In Stephen Hawking’s new book, The Grand Design[2], he states:
We each exist for but a short time and in that time explore but a small part of the whole Universe. But humans are a curious species. We wonder, we seek answers. Living in this vast world that is by turns kind and cruel, and gazing at the immense heavens above, people have always asked a multitude of questions: How can we understand the world in which we find ourselves? How does the Universe behave? What is the nature of reality? Where did all this come from? Did the Universe need a creator? Most of us do not spend most of our time worrying about these questions, but almost all of us worry about them some of the time.

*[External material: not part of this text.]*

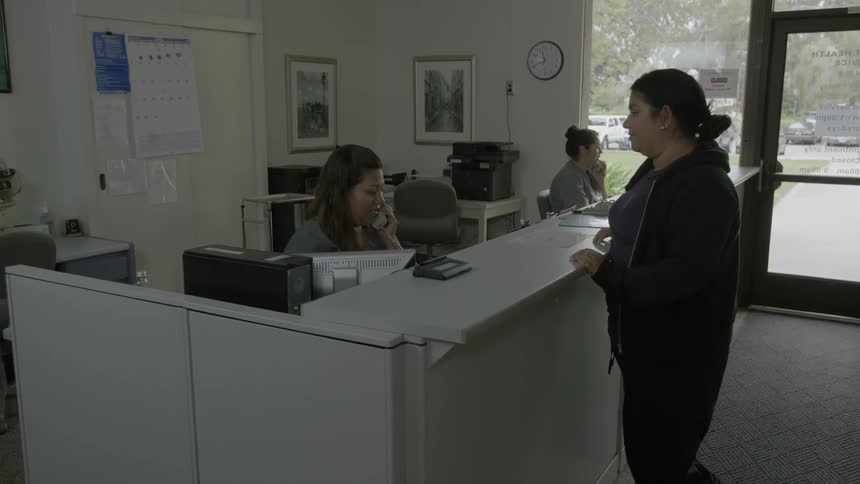 Person walking into a clinic and then being greeted by a doctor with a handshake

But firstly I would like him to answer: Why do we wonder? Why do we seek answers? Stephen, can your methodological naturalism give me an explanation please? “It must have been evolutionarily beneficial for our species, the mind is a mere byproduct,” is the usual evolution of the gaps reply. Sadly, that’s the only response you get these days. “Evolution did it! Evolution did it!” The unthinking mantra repeats, now it will be “the Universe did it. The End.”
I’m afraid, I’m not satisfied by that kind of response, but what can I do, to who can I turn? My mind by default tends towards an inference to the best explanation approach and, if I’m truly honest with myself, this M-theory stuff is inexplicable. So I must rely on the wisdom of another, someone who understands M-theory, someone who knows best. Yet again I have to put my faith/trust in someone else. Someone who has more knowledge than me, I must submit to his authoritative brain and just believe.

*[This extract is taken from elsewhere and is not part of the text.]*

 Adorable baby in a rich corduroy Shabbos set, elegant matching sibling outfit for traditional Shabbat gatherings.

Or is there an alternative? “God has set eternity in the hearts of man,”[3] says the preacher.
With the “climate-gate” fiasco still rumbling on, the trustworthiness of some of the findings of some modern science has been brought, rightly or wrongly, into question. The following questions have arisen: How is “scientific knowledge” transmitted to us? Is the medium/media/method trustworthy? Who is accountable to whom?

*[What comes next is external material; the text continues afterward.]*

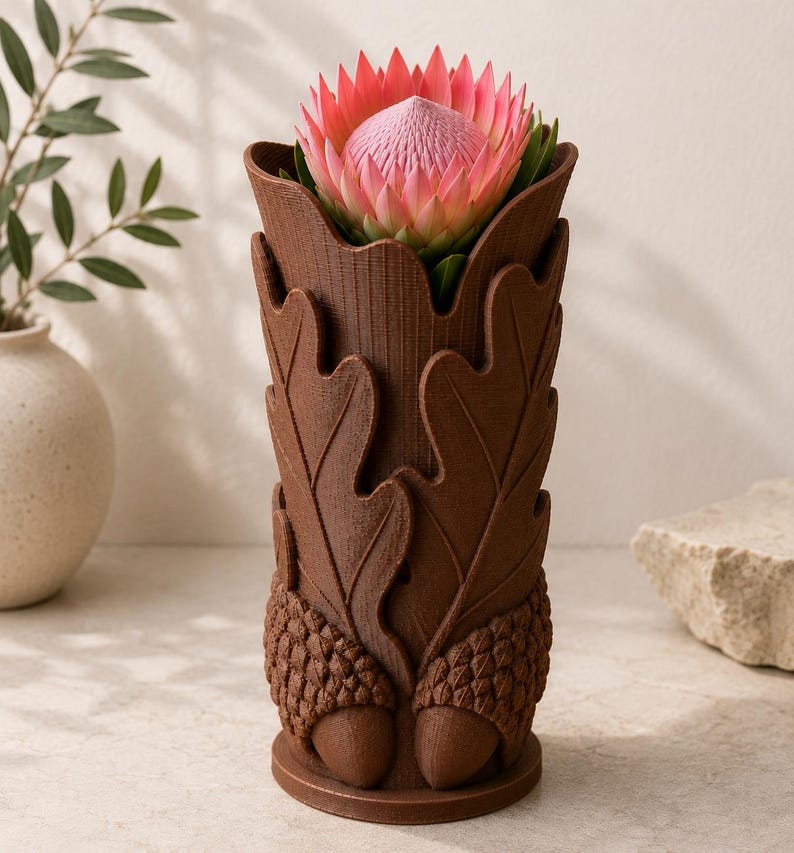Op de afbeelding: Een bruine, decoratieve vaas met een eikenblad- en eikelontwerp, met een roze en rode protea-bloem. De vaas is gemaakt van een textuurrijk materiaal en heeft een gedetailleerde, naturalistische uitstraling. De bloem staat in volle bloei.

These kinds of questions have been asked of the New Testament for centuries. So what? Well, what is the difference between popularised modern science and these, to use the Dawkinsian phrase[4], “ancient scribblings?” I would posit, not as much as people think.
Whilst the new Atheists or the old obstinate agnostic[a]s are still scrabbling around in the dark matter, considering any supernatural revelation impossible, Christians say they have the very words of God: “I am the light of the world, he who follows me shall never walk in darkness but have the light of life.”[5]
I have a choice, to trust an obscurantist, eccentric, and possibly elitist scientist or Jesus the carpenter of Nazareth who says[6]: “I am the way, and the truth, and the life.”
Popularised modern science offers no help living through the ups and downs of life. Making decisions is rather difficult.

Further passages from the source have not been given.